**Records to process:**

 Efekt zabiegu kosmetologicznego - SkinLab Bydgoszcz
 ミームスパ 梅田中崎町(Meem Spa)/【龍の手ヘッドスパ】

---

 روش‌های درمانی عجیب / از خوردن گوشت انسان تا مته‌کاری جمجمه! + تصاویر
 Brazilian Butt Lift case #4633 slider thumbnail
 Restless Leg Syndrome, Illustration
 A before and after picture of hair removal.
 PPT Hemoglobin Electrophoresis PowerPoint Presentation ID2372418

* * *

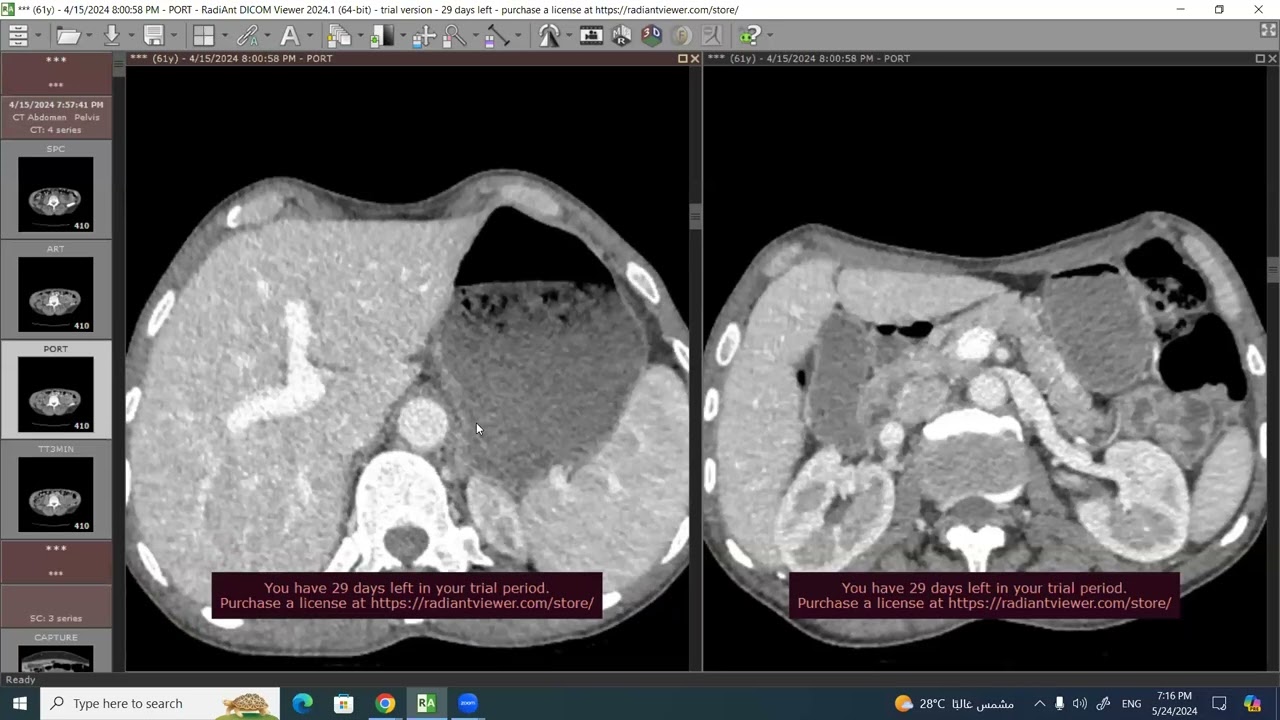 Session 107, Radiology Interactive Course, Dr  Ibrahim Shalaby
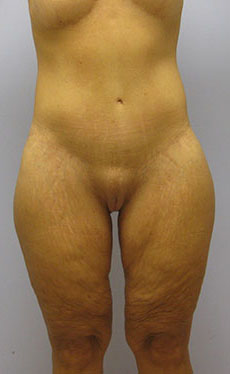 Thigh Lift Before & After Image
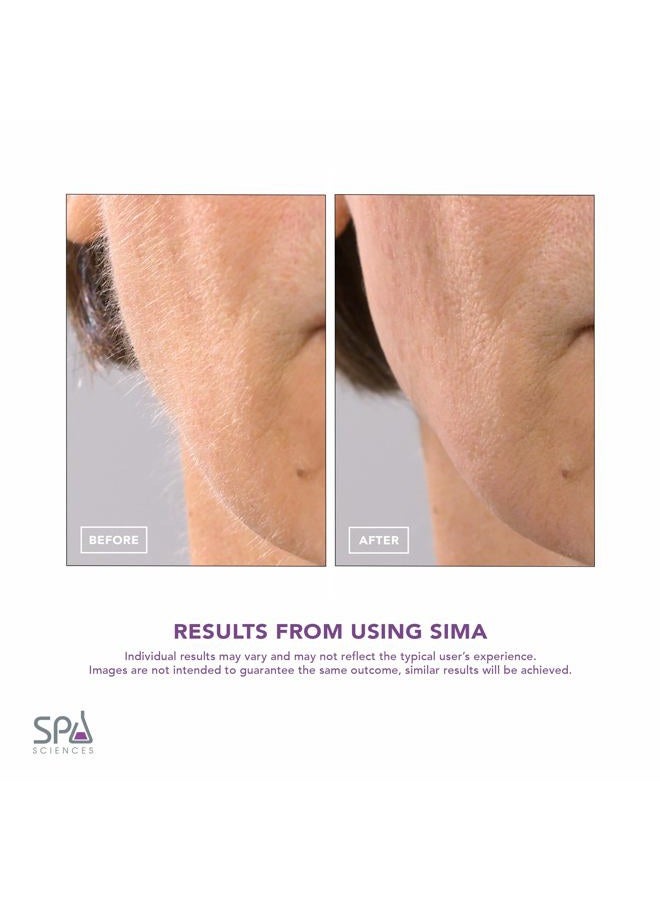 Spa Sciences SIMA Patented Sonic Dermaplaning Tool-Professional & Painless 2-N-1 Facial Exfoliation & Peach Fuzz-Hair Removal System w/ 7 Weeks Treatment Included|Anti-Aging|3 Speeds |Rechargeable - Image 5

**Task to complete:**
Within the listing above, write out the stretch from the line with "Session 107, Radiology" through the line with "Spa Sciences SIMA" exactly. Any pictures are to be left out.

**Written reply:**
 Session 107, Radiology Interactive Course, Dr  Ibrahim Shalaby
 Thigh Lift Before & After Image
 Spa Sciences SIMA Patented Sonic Dermaplaning Tool-Professional & Painless 2-N-1 Facial Exfoliation & Peach Fuzz-Hair Removal System w/ 7 Weeks Treatment Included|Anti-Aging|3 Speeds |Rechargeable - Image 5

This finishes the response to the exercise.